While many on the blogosphere were quick to point out that this was a direct violation of Buffett’s claim that “our [Berkshire's] favorite holding period is forever,” this quote is almost always used out of context. The entire statement, which was made in a Berkshire Hathaway Chairman’s Letter in 1988, is:
“We expect to hold these securities [Freddie Mac and Coca Cola] for a long time. In fact, when we own portions of outstanding businesses with outstanding managements, our favorite holding period is forever. We are just the opposite of those who hurry to sell and book profits when companies perform well but who tenaciously hang on to businesses that disappoint. Peter Lynch aptly likens such behavior to cutting the flowers and watering the weeds.”
First off all, this claim was in context of two stocks that Buffett held for the better part of two decades, and The Coca-Cola Company is still his top holding, worth $15.6 billion and 21% of his total 13F portfolio. Secondly, the case can be made that Intel lost its outstanding management when CEO Andy Grove in 1998. Grove, who invented the term “strategic inflection point,” built Intel into one of the world’s largest microprocessor producers. In short, a strategic inflection point occurs when an entire business shifts toward a new direction, and industry stalwarts can either sink or swim.
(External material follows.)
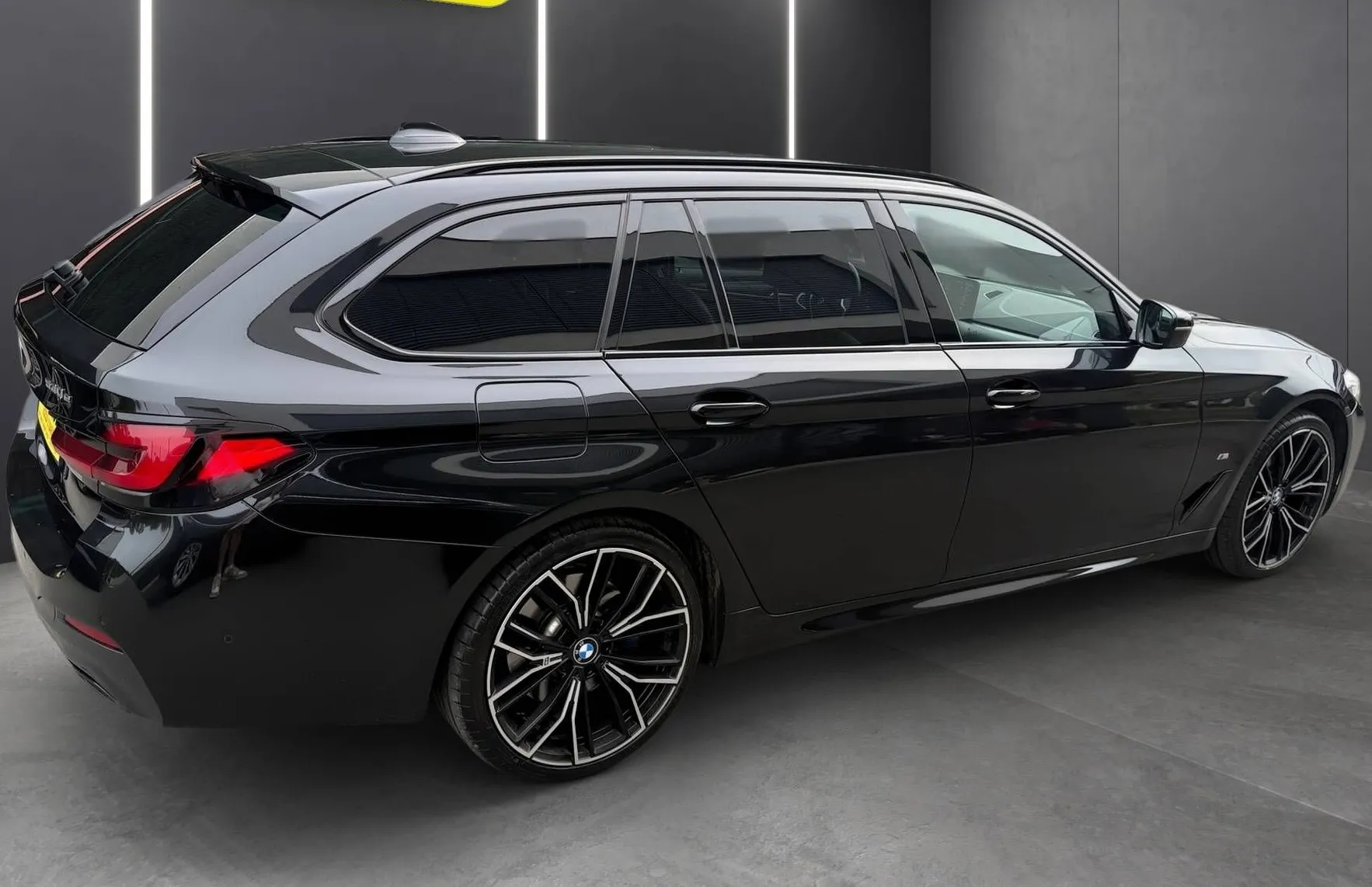 Zunanja slika - BMW Serija 5 - Touring: 520i M SPORT PAKET PANO USNJE NAVI KAMERA VIRTU - 6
Often times, failure and success are separated by the tiniest of margins, and a single product can make the difference in these situations. In Intel’s case, the company is facing a scenario that Grove warned of, and opinions are split on whether the company can maintain its dominance.
On September 7, Intel cut its Q3 sales guidance by close to $1 billion, and now expects to generate between $12.9 billion and $13.5 billion in quarterly revenues on the back of disappointing inventory data and below-average PC sales. Since the announcement, shares of Intel are down over 13%, falling flatter than competitors like Advanced Micro Devices, Inc. (NYSE: AMD), Texas Instruments Incorporated (NASDAQ:TXN), and ARM Holdings plc (NASDAQ: ARMH). Only Hewlett-Packard Company (NYSE: HPQ), which has lost 17.7%, sports a darker shade of red over this time.
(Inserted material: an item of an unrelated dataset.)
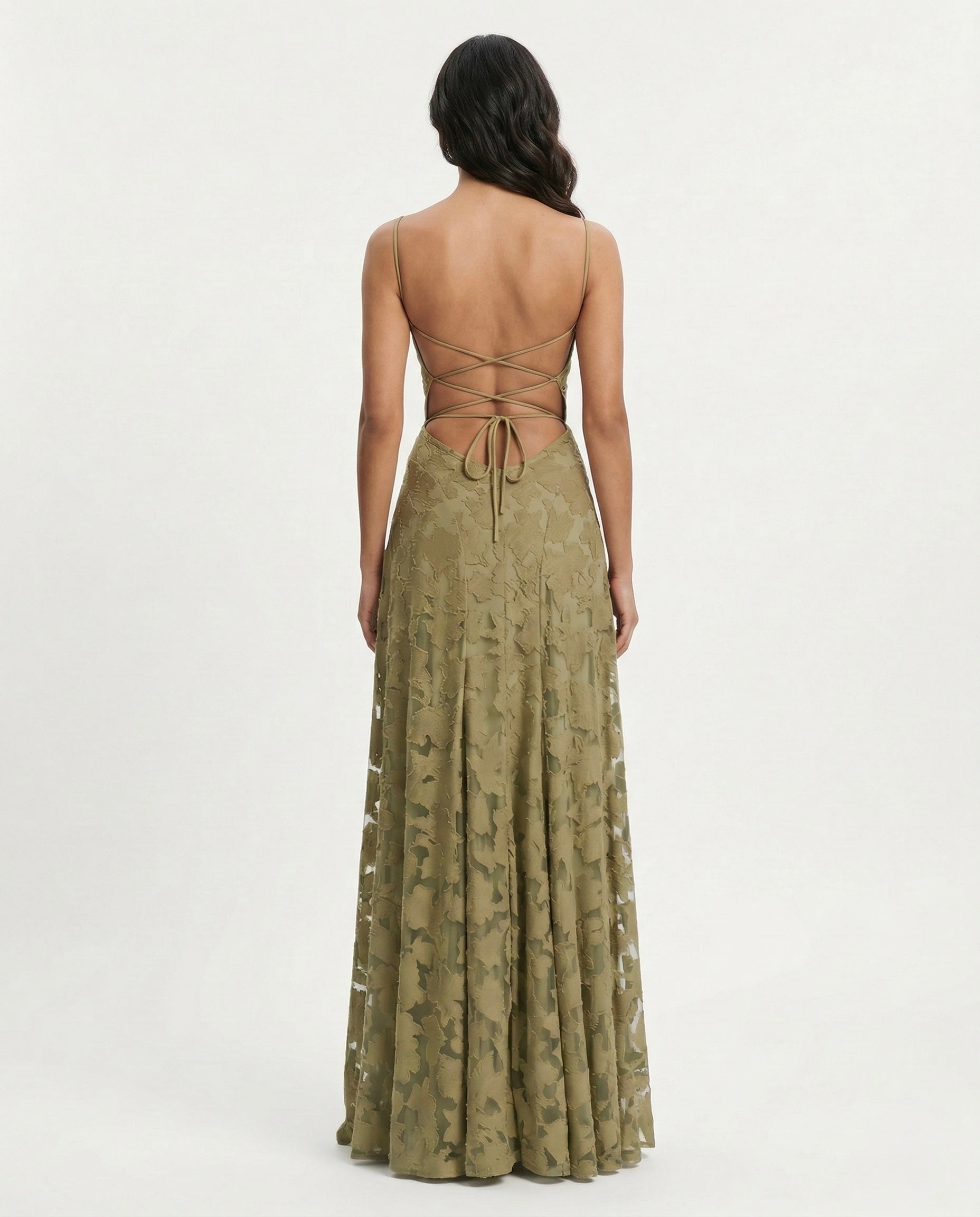 Silvestre Valmont — Vestido Seda Lux | Naturaleza de Lujo 2026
While it appears that Buffett’s decision to sell out of Intel was correct over the short run, it comes in contrast to other prominent investors like Ken Fisher, Jim Simons, and Cliff Asness. Here’s a complete look at every fund that is long Intel. Of these bulls, Fisher is the most committed, holding close to 20 million shares. While Fisher himself has described himself as “crazy bullish” in a recent interview with Forbes, it’s still notable that he believes in the same company that Buffett seemingly ditched his main strategy to dump.
The question then remains: how can Intel outperform the market between now and the next, let’s say, five years?
Well, there are a few ways this is possible, but it all starts with the company’s ability to create microprocessors for tablets and smartphones. For all intensive purposes, Intel is late to this scene, as competitors like ARM Holdings, which is estimated to account for close to 90% of all 32-bit RISC processors used in certain types of tablets, smartphones, digital music players, handheld video systems, and just about anything else that can be classified as a mobile electronic device.
Earlier this year, Intel finally released the first smartphone with its Atom processor, via a partnership with the India-based Lava International. The chip is also expected to be featured in Microsoft’s new Windows 8 tablet, which will be released on October 26. The company is touting the Atom as one of the lightest, longest-lasting, and greenest chips on the market today, but the real kicker may be in what techies term “the Cloud.”
Other than the gradual shift from PCs to smartphones and tablets, the other primary inflection point in Intel’s industry is the shift from physical data storage to virtual data storage. The company’s newest chip iterations – the Atom D2500 and Atom D2550 – are geared toward serving as cloud storage devices. These versions of Atom are lower-power than those used in mobile devices, but are decidedly less expensive, and can be used by small business as well as larger customers. Consequently, we believe that Intel is more than adequately diversifying its next generation of microprocessors, and is set to capitalize on both the booming smartphone and cloud storage markets, despite being rather late to the former.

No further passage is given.